DEV Community: Vladimir Zem

Data-Oriented 3D Math: Structuring quaternions and matrices for auto-vectorization in C++

Vladimir Zem — Wed, 17 Jun 2026 05:57:21 +0000

Rendering pipelines, spatial audio, physics solvers. In these areas the CPU is chewing through millions of matrix mults and quaternion rotations. Every single frame. Hardware is monstrously fast today. But somehow, math routines still manage to bottleneck the whole application.

Actually the bottleneck is almost never the math itself. It’s the memory layout. Wrap geometry primitives in heavy object-oriented abstractions, and you basically throw sand in the gears. You stop the CPU from doing the one thing it is actually built for. Blasting instructions over flat, contiguous memory.

The OOP Penalty

The standard textbook way to write a 3D math lib is all about encapsulation. You hide data to keep state safe. So you get classes with private members, custom constructors, getters, setters. Maybe even a virtual destructor if someone wanted to build a polymorphic hierarchy. Looks correct on a UML diagram. But the hardware penalty is brutal.

Give an object a non-trivial constructor, a v-table or just some padding for alignment - and you instantly break the CPU’s data locality assumptions. CPUs operate in cache lines. Usually that’s 64 bytes fetched from RAM straight into L1 cache. Let’s say a 16-byte quaternion gets padded to 24 bytes just to hold a virtual table pointer. Cache line utilization drops. You burn memory bandwidth loading structural garbage. Stuff that has absolutely zero to do with the actual math. And worse. This OOP boilerplate actively blocks the compiler from touching SIMD registers.

Compiler Paranoia

Clang, GCC and MSVC are highly aggressive at auto-vectorizing loops nowadays. But they are deeply paranoid. They operate strictly inside the ABI bounds and static analysis limits. For the auto-vectorizer to safely replace scalar float ops with vectorized instructions (like AVX vfmadd231ps), the compiler needs hard proof of two things. First, contiguous memory. Flat layout with zero hidden padding. Second, type transparency. Meaning it can verify memory ranges don't overlap. Strict aliasing.

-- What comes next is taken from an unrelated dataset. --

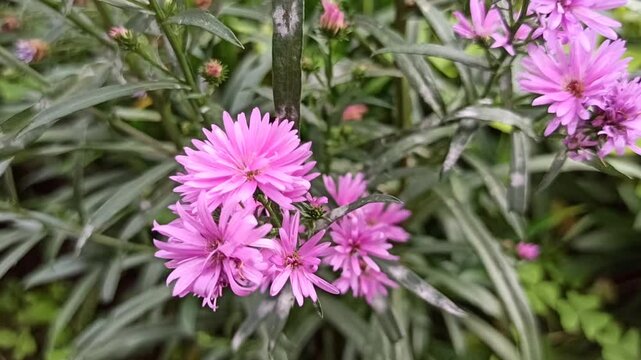 the pink aster flower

If a C++ class is not evaluated as trivially copyable (std::is_trivially_copyable_v == true), the compiler gets scared. It emits defensive machine code. It might pass the object by a hidden pointer instead of shoving it directly into CPU registers like XMM/YMM. Iterate over a big array of matrices, and these memory indirection chains basically stall the hardware prefetcher. The CPU just sits there. Waiting for RAM fetches. Total pipeline starvation.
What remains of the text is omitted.